Until now, the individual more beneficial conditions were attached to the employment contract as a result of the business owner’s reiterated and clear will to assume a commitment that improved the standard set by law or the CBA (Supreme Court Judgment 16.09.2015, Appeal 233/2014).

Likewise, it may be collective in origin, when resulting from a collective covenant or agreement or enjoyed by workers as the result of a unilateral decision by the business owner for collective purposes.

Despite its special collective appearance, it casts its shadow over the contract and is attached to it as a contractual condition, meaning that it cannot be separated from the contract by the business owner’s decision, as the condition is classifiable as a tacit contractual agreement under article 3.1 c) of the Spanish Workers’ Statute.

Based on the doctrine of the Fourth Chamber of the Supreme Court (Supreme Court Judgment 15/06/2015, appeal 164/2014), the Collective Bargaining Agreement cannot be the source of more beneficial conditions, since being regulated in a collective rule, it becomes a condition enjoyed by virtue of the provisions of the CBA and not as more beneficial conditions.

Therefore, to date, and although the institution of more beneficial conditions is a living being with an unstable perimeter, it was clear that the CBA cannot be a source of more beneficial conditions, both whether they are in the agreement or outside it (Supreme Court Judgment 29/03/2016, appeal 127/2015).

However, the recent Judgment of 09/21/2017 (Appeal 205/2016) seems to question—at least on the surface—the established doctrine under which the CBA cannot be the source of more beneficial conditions.

The Judgment examines the petition of a trade union to recognize previous workers of a supermarket chain in the province of Girona, with contracts in force at October 2, 2014, the right to enjoy a 25-minute break during the uninterrupted work day after five and a half hours.

The company was being governed by the Girona Commerce Collective Bargaining Agreement, whose article 12 regulated the 25-minute break after five and half hours.

In 2013, following a change to the shareholder structure, the hours were homogenized, which resulted in the collective bargaining agreement adhered to the State Collective Bargaining Agreement of Household Products, Herbalists and Perfumery retailers.

This Collective Bargaining Agreement recognized the right to a 15-minute break after six hours of uninterrupted work.

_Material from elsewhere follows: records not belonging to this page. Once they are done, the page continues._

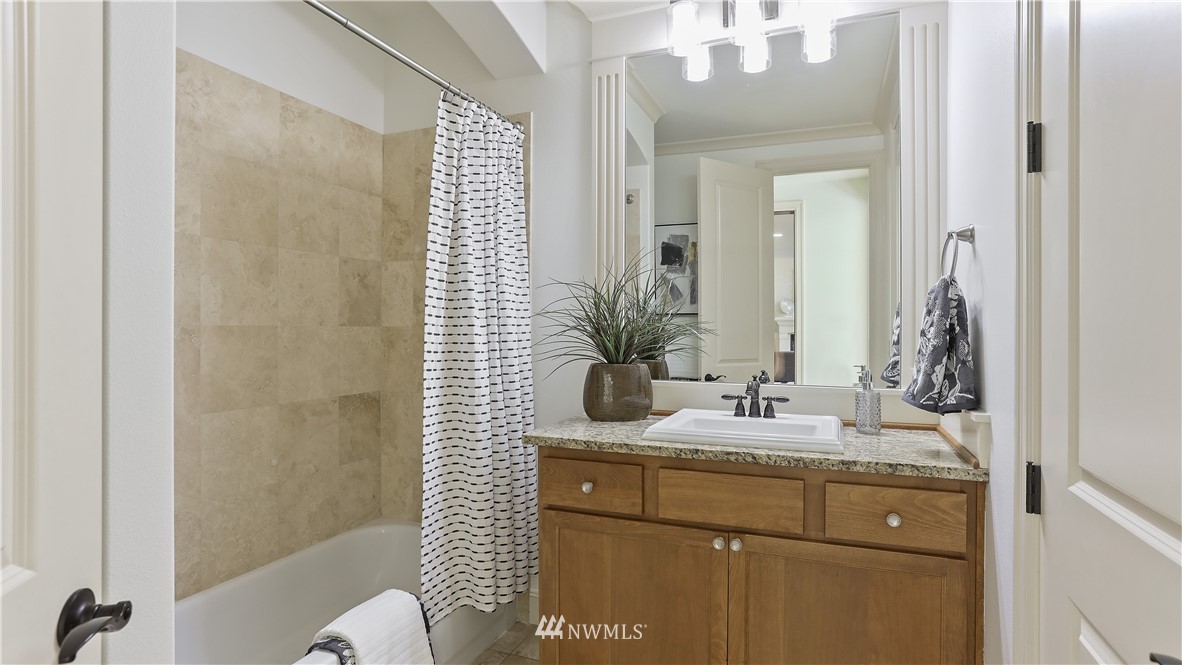 5501 Northeast 1st Place Renton, WA 98059 - Photo 18 of 40 Gallery Image 18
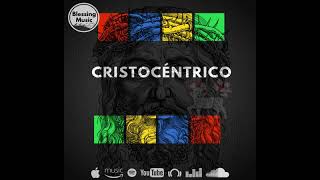 Miniatura de vídeo de "Album cristocentrico"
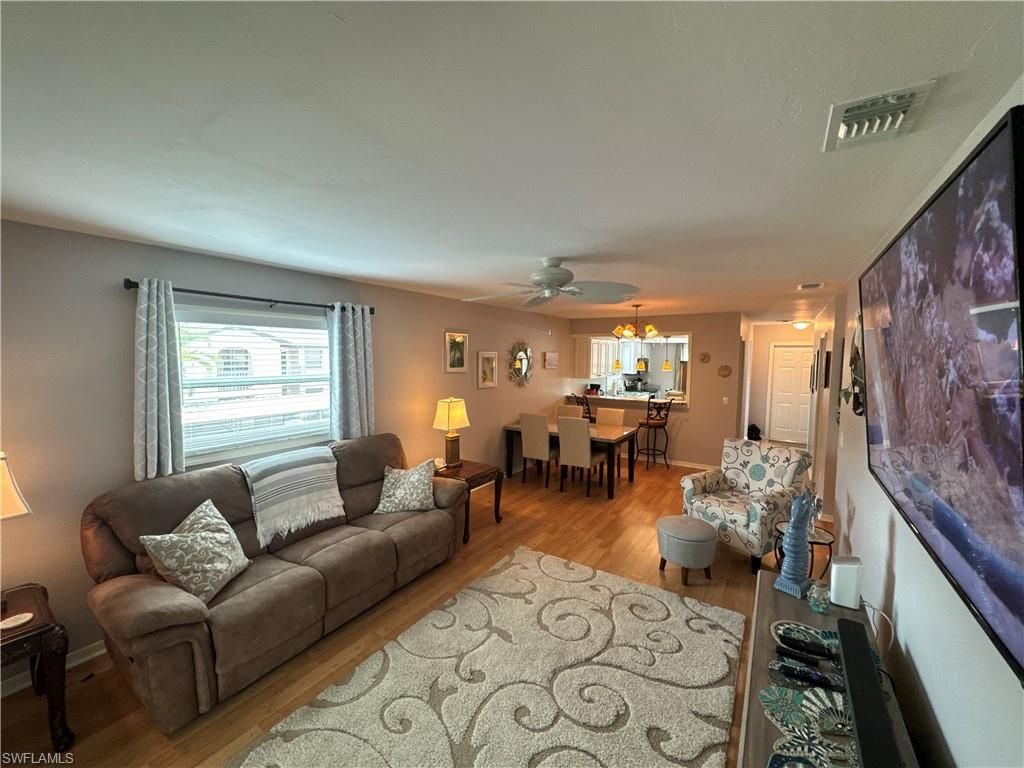 10041 Maddox Ln, Unit 203, Bonita Springs, FL 34135 Photo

Likewise, article 7, under the title of “condición más beneficiosa,” established that all economic and other conditions contained in this Collective Bargaining Agreement, are the minimum; therefore, the current conditions in place in the various companies which globally entailed more beneficial conditions with respect to the provisions of the CBA would survive for those workers who wished to continue enjoying them.

Lastly, this last CBA specifically regulates in Transitional Provision One under the title “more beneficial conditions resulting from the change of Collective Bargaining Agreement”: This Collective Bargaining Agreement replaces in full the previous Collective Bargaining Agreement that was applicable to each worker, so that better rights resulting from the previous Collective Bargaining Agreement will govern the terms for each matter in this conventional agreement, and not the general referral made by article 7.

In view of this conventional regulation, the Supreme Court did not find that, to apply the 25-minute break, a more beneficial condition had to be established, therefore, upholding the claim based on the CBA’s regulation of more beneficial conditions, i.e., that a more favorable regulation for workers than that set out in the State Collective Bargaining Agreement will be respected.

Therefore, if workers had been enjoying a 25-minute break on days longer than five and a half hours under the provincial Collective Bargaining Agreement, that condition must be maintained as it is more favorable than those established in the State CBA.

From the Judgment it could be interpreted—despite the Judgment not arguing this—that the more beneficial conditions include a new connotation, as in the situation analyzed, the category of more beneficial conditions appears to extend to CBA conditions that are more favorable to the worker.

However, the Supreme Court does not base its decision on article 3.3, so the conflicts arising between the precepts or two or more labor rules, both at state level or agreed, (…) will be resolved by applying the most favorable rules; since this precept has been applied restrictively in the conflict between Collective Bargaining Agreements, not only due to the prohibition of concurrence under article 84 of the Spanish Workers’ Statute but because the principle of Regulatory succession established in its article 86.1 prohibits mention of the most favorable rule.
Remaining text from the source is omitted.